(Items from a dataset)
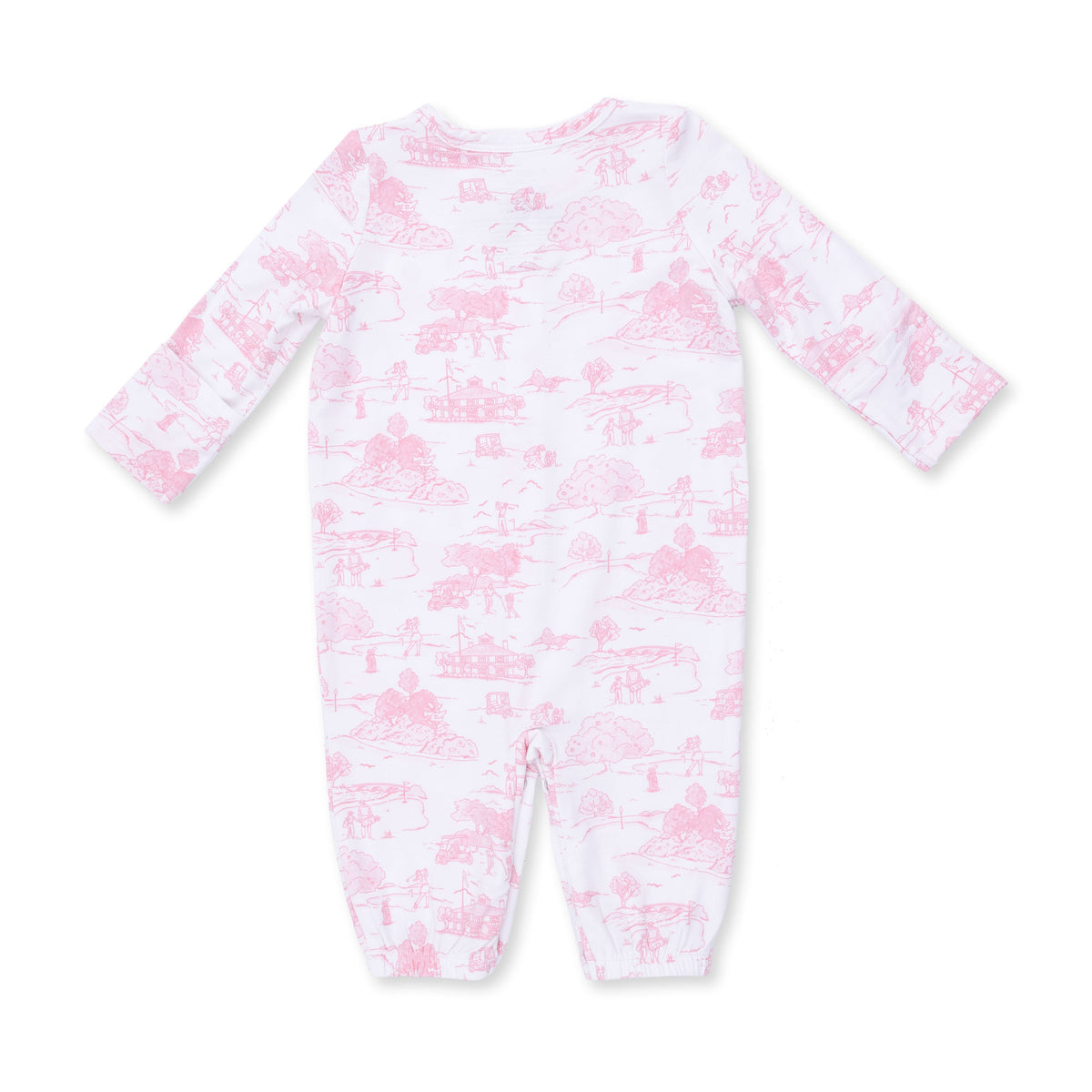 Golf Toile Pink - Convertible Gown and Knot Headband by Angel Dear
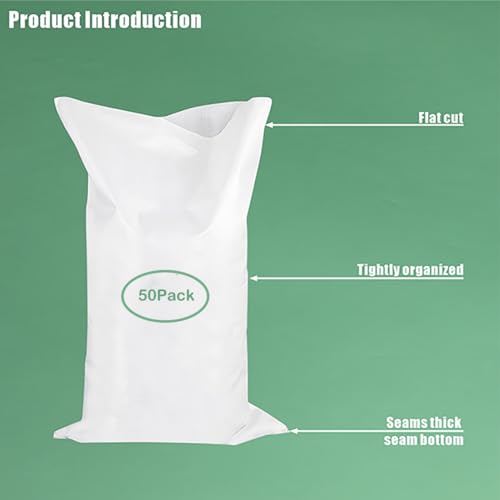 50 Pack Empty Sandbags with Ties,14x26 inches Woven Polypropylene Sand Bags(White)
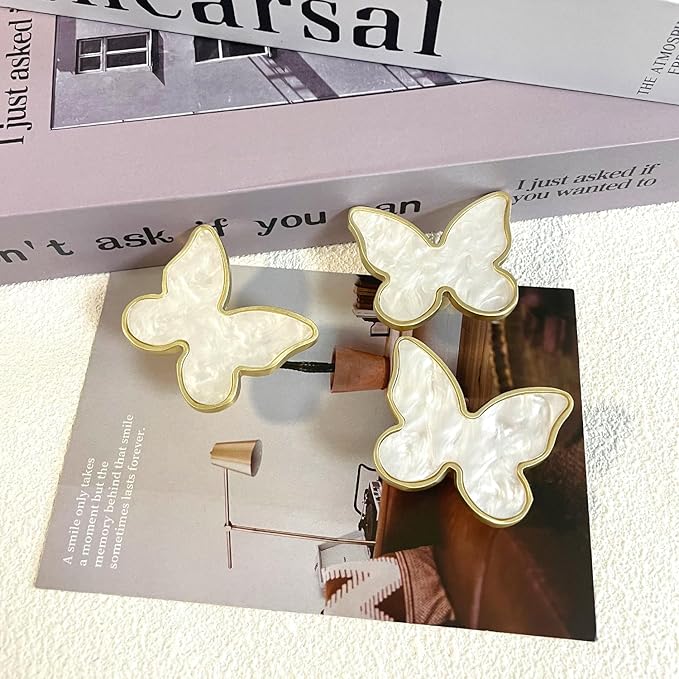 6 pcs Butterfly Shape Knobs Handle Gold Cabinet Knobs Decoration Door Handle Single Hole Handles Cabinet Drawer Dresser Kitchen Wardrobe Furniture Hardware Pulls (White)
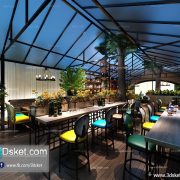 3D Interior Model Restaurant Coffee E001 Scene 3dsmax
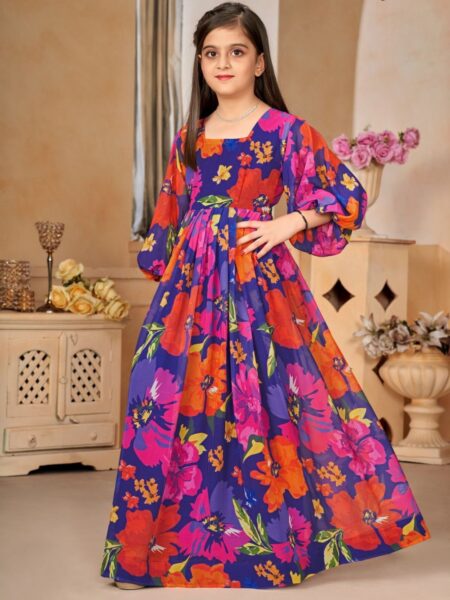 Beautiful Digital Floral Printed Ethnic Girls Gown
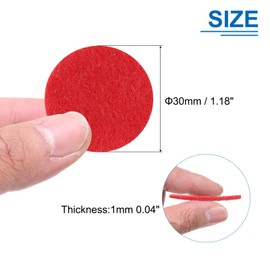 uxcell 200Pcs Round Felt Circles Soft Thick for Crafts 1 3/16 Inch Felt Pads for DIY Sewing Handcraft Red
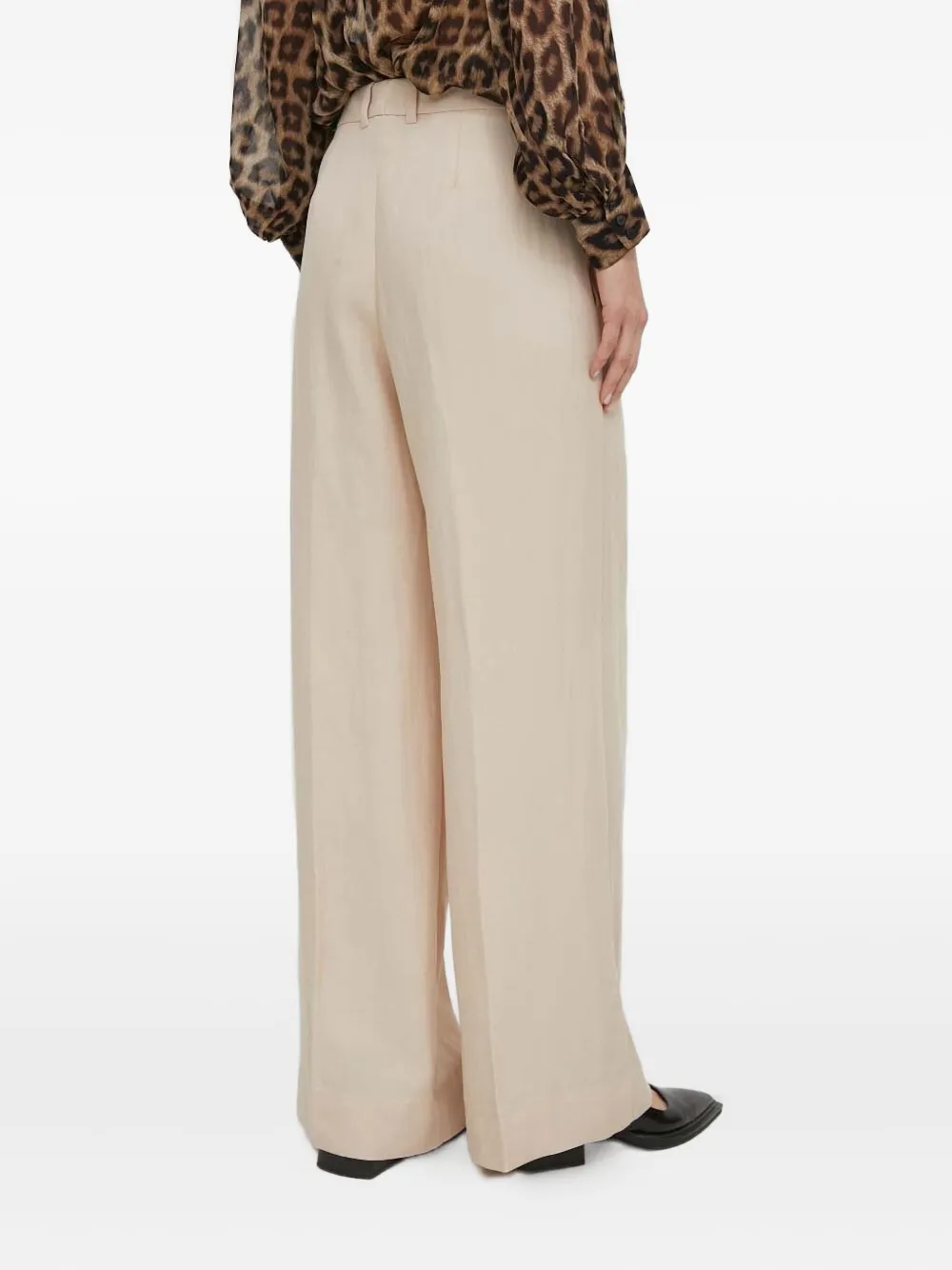 Lovechild Plooibroek met wijde pijpen - Beige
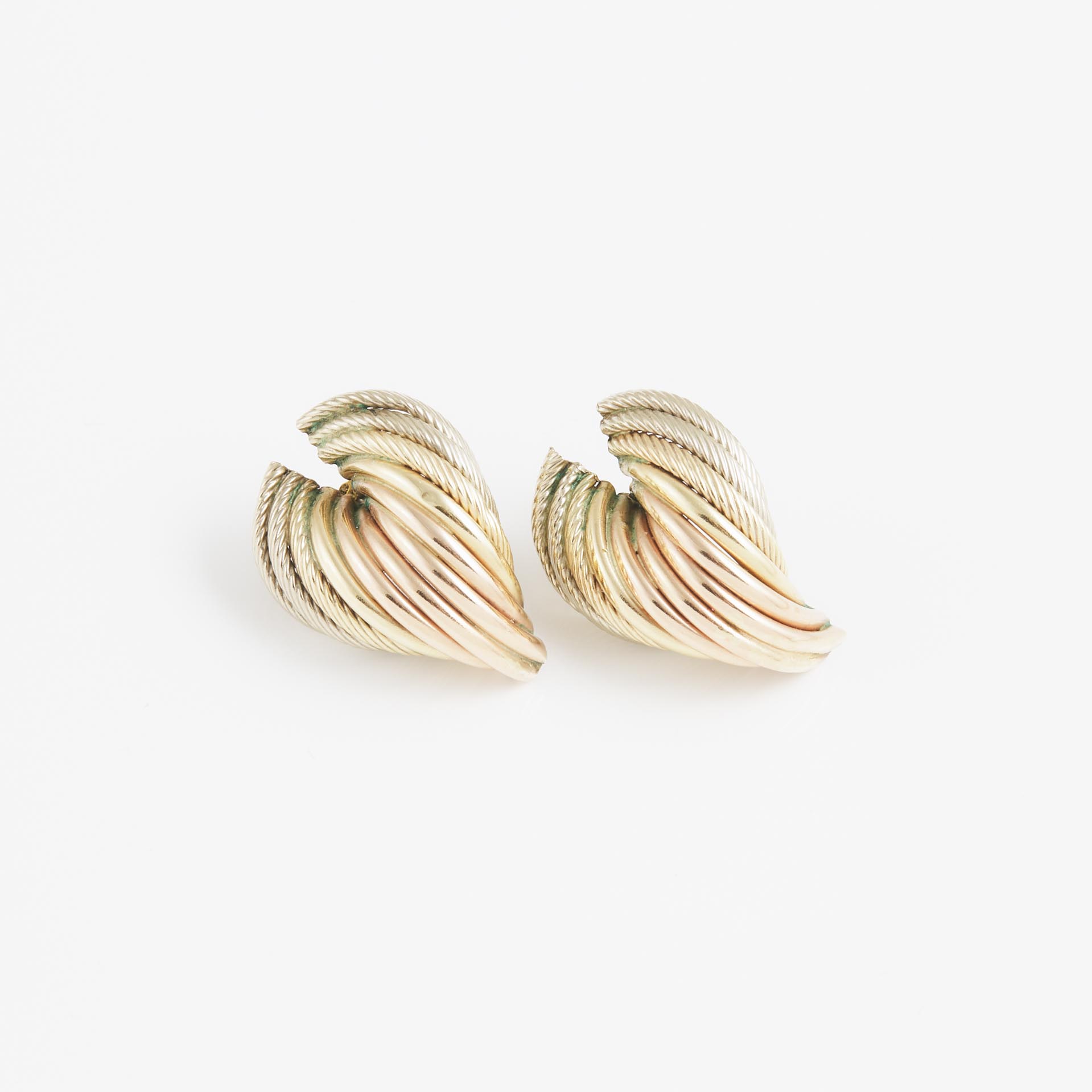 Pair Of 14k Yellow And Rose Gold Earrings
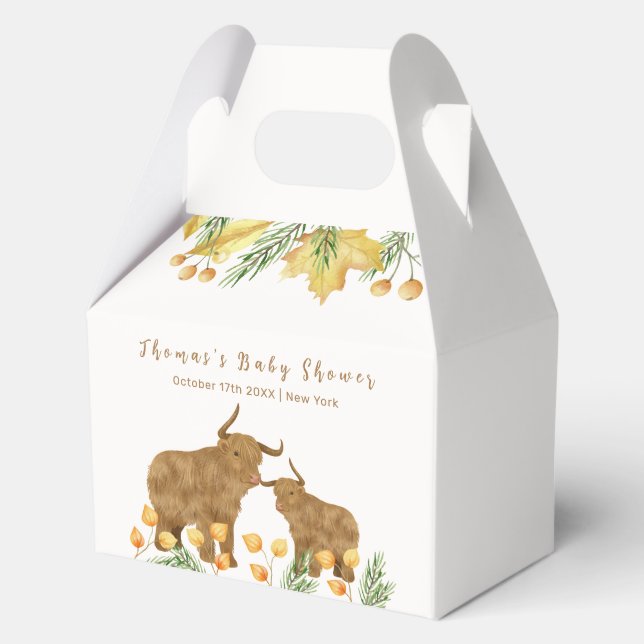 Fall Rustic Boho Highland Cow Baby Showdusche Geschenkschachtel (Vorderseite)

■ What this task involves: From the line containing "Pair Of 14k Yellow And Rose Gold Earrings" through the last line of the entries, both included, print each line exactly and omit any picture.

■ Reply to the exercise:
 Pair Of 14k Yellow And Rose Gold Earrings
 Fall Rustic Boho Highland Cow Baby Showdusche Geschenkschachtel (Vorderseite)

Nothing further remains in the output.